Thursday, December 28, 2006

A Regretful Look Behind, A Glimpse Of Tribulations Ahead

What is in store for America and Iraq after another year of failure?

2006. At the beginning of this fateful year in history there was optimism that the elections in Iraq would help restrain the violence being witnessed in the war torn country.

I remained pessimistic, Iraq's problems were not going to be solved by any election, but Americans had their dreams of an easy democracy in this land of chaos, so I waited for the truth to be shown or thrown at them.

In January 2006 it was announced by the Iraqi Interior Ministry that more than 7,000 Iraqis, mostly civilians, were killed by violence in the previous year.

Also in January Joint Chiefs of Staff Chairman Peter Pace stated that the progress in Iraq was "a very steady ramp of progress." Pace also claimed in January that in 2006 we would witness an increase in in competence of Iraqi security forces, and with that more US troops would be able to come home.

(Nearly a year later we are hearing the same stale statements from the same stale people, and now it looks not like troops will be coming home, but that more will be staying and more will be sent.)

The February 22 bombing of the al-Askari Mosque in Samarra, which was over 1,000 years old further escalated the violence between Shia and Sunni Iraqi's to new levels that were previously unseen.

Violence surges after the bombing, over one hundred people are shot and killed in the immediate furor.

In March, a 14 year old Iraqi girl named Abeer Qassim Hamza al-Janabi was raped and murdered by US troops, she was set on fire in an apparent cover-up attempt. Her father, mother and five year old sister were not spared death.
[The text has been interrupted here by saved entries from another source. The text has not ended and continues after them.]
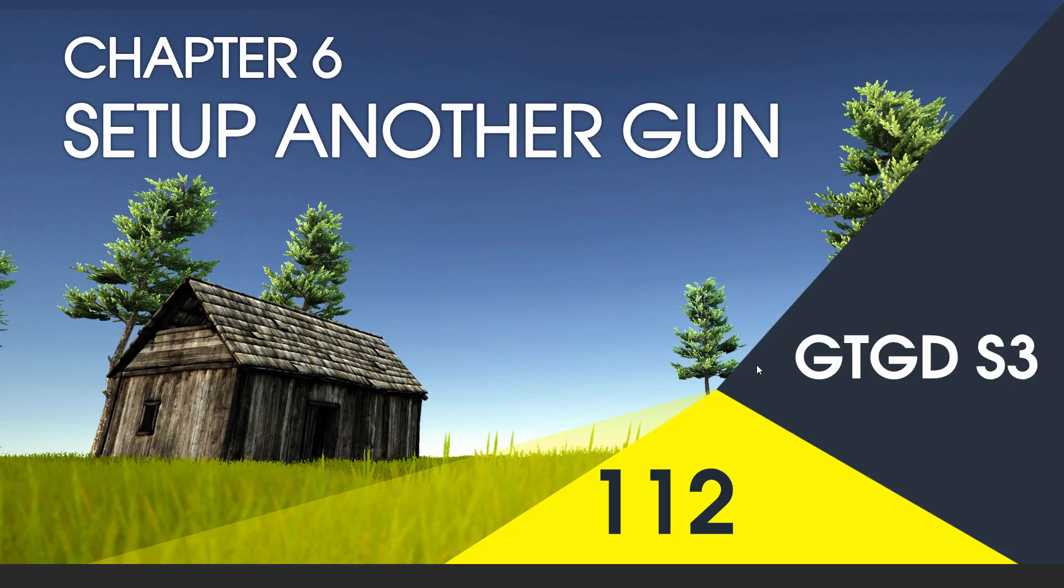Welcome to video 112 in series 3, and in this video I'll just show how to set up another gun.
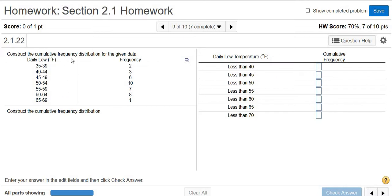In this problem we're given a frequency table and we're asked to find the cumulative frequencies. The cumulative frequencies are just a running total of frequencies.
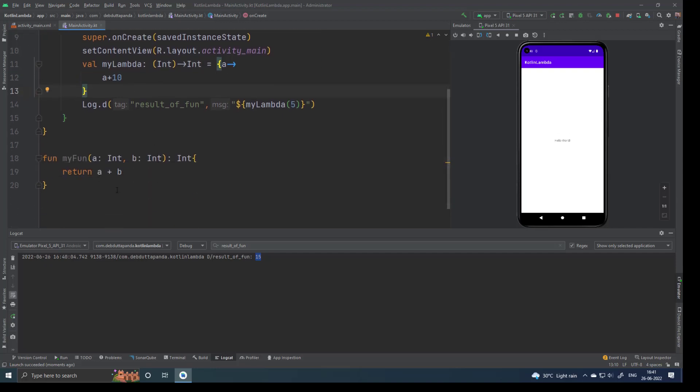Now I will talk about the higher order function. A higher order function is nothing but a normal function, but it will take a Lambda or it will return a Lambda. That means a function which can take and/or return another function is called a higher order function.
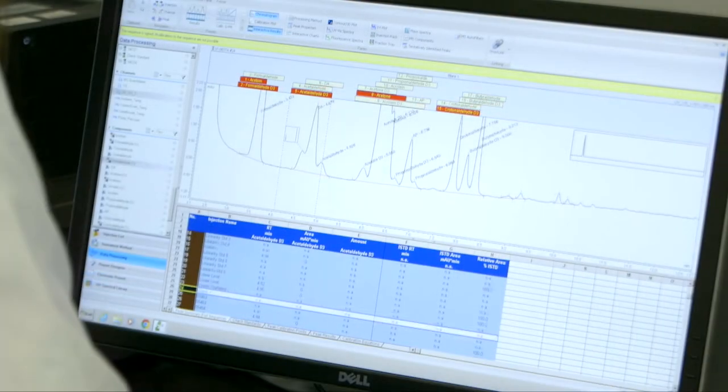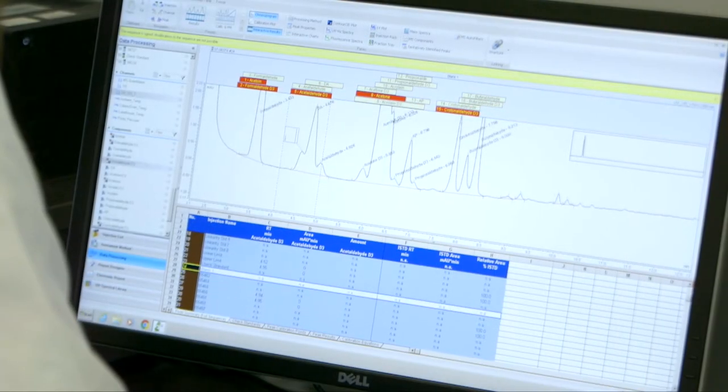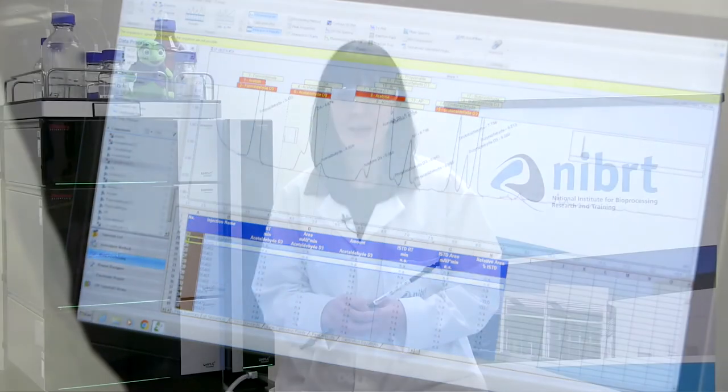Size exclusion chromatography is standardly used for aggregate analysis, however compounds may show non-specific binding to some size exclusion columns, leading to retention time shifts, peak tailing and even loss of peaks.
In April it is announced that Iraqi police, soldiers and civilians were killed and wounded at a rate of about 75 per day, a rate three times as higher than at the beginning of 2004.

In May and June it is reported that upwards of 100 Iraqis were killed per day in sectarian violence.

The acts of violence have increasingly become more unspeakable and more complex and more difficult to understand. Whole families are executed, sometimes in broad daylight. Bodies routinely wash up on the shores of the Tigris and Euphrates, some are decapitated, some have been tortured. It is also known some Iraqi Security Forces are operating as sectarian death squads.

In May Nouri al-Maliki took office as Prime Minister of Iraq. Maliki vowed to take out "organized armed groups who are acting outside the state and outside the law."

But Maliki is clearly quite dependent on the support of Muqtada al-Sadr who commands the Mahdi Army in Sadr City Baghdad and Abdul Aziz al-Hakim who leads the Badr Brigade, which includes Iraqi exiles who fought alongside Iran against Iraq in the Iran-Iraq War.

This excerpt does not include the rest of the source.